Before I had nearly a foot of my hair shorn off, I reread F. Scott Fitzgerald’s “Bernice Bobs Her Hair.” He based the story, which first ran in the May 1920 Saturday Evening Post, on a series of letters he exchanged with his younger sister. It was, appropriately, the kickoff to his iconic chronicling of the flapper era—when the story begins, the eponymous heroine is a dowdy wallflower, and everyone has long hair. Bernice becomes popular with an audacious “line”: she entices boys with the prospect of daringly bobbing her hair while they watch. But when a rival calls her bluff, Bernice is forced to submit to the shears. And then, the brutal fallout. 

The story plays with ideas of virtue and symbolism, invoking everything from Samson to Berenice of classical legend. That she casts off her scruples with her tresses is no accident; and that the tease of danger is more alluring to the boys than the actual breaking of convention comes as little shock to the reader. 

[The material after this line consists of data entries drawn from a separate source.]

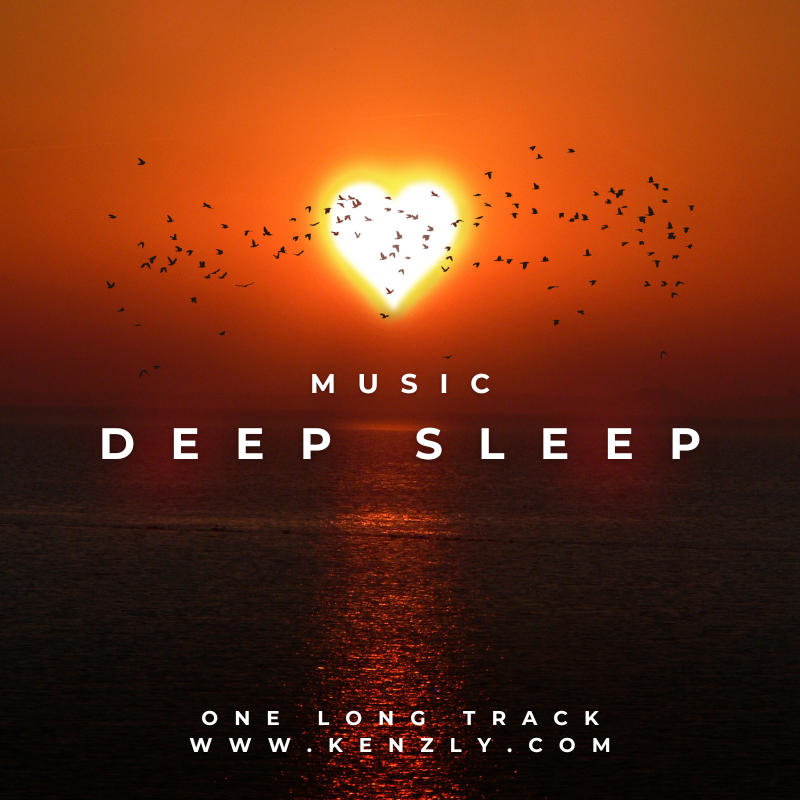 Deep Sleep Music - One Long Track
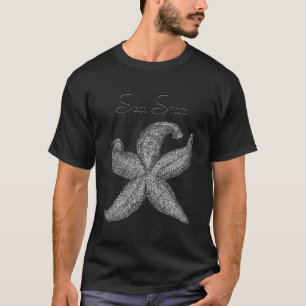 Sea Star Definition With Image Of Starfish T-Shirt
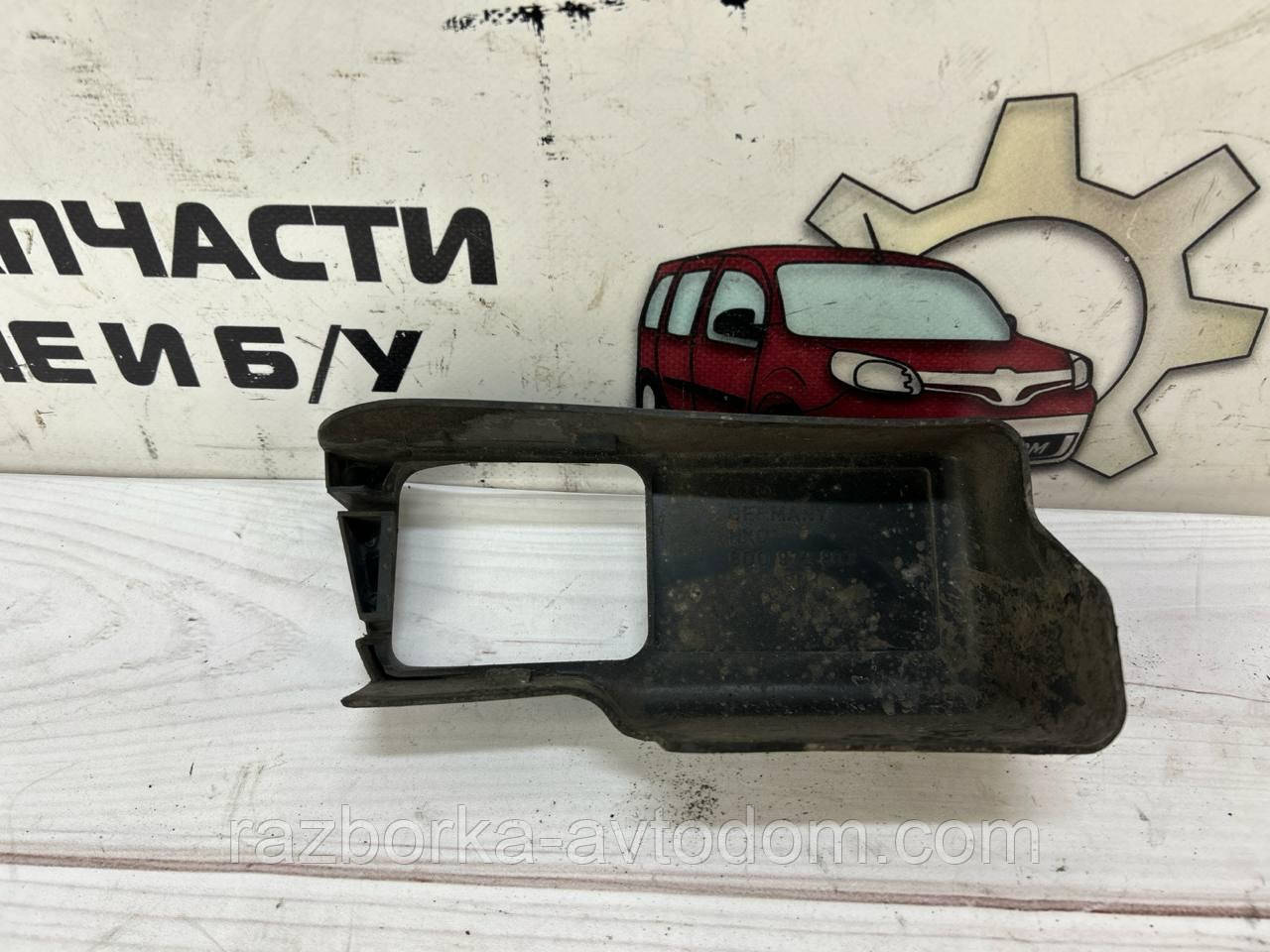 Кожух/Накладка бачка гідропідсилювача VW Passat B5 (96-05) OE: 8d0972807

What I wanted from my haircut was a cross between Zelda Fitzgerald and Donna Hayward. And, of course, now you can do that: pull a few pics up and a change that would have rattled a ballroom full of 1920s Minnesotans garners nothing more than a few obligatory Instagram compliments. Everything’s a reference. Someone smart said not long ago that the difference between serious fiction and the other sort is whether or not the secondary characters function as more than wish fulfillment for a protagonist. Whether or not you believe that’s true, it’s interesting food for thought. 

In short, this is not the story to read before undergoing a major change to one’s hair, however many bobs Fitzgerald may have ultimately inspired. And if you really want to see the sinister underpinnings, by all means seek out the 1976 TV adaptation: it stars Shelley Duvall and Bud Cort. (If nothing else, her hair looks great.)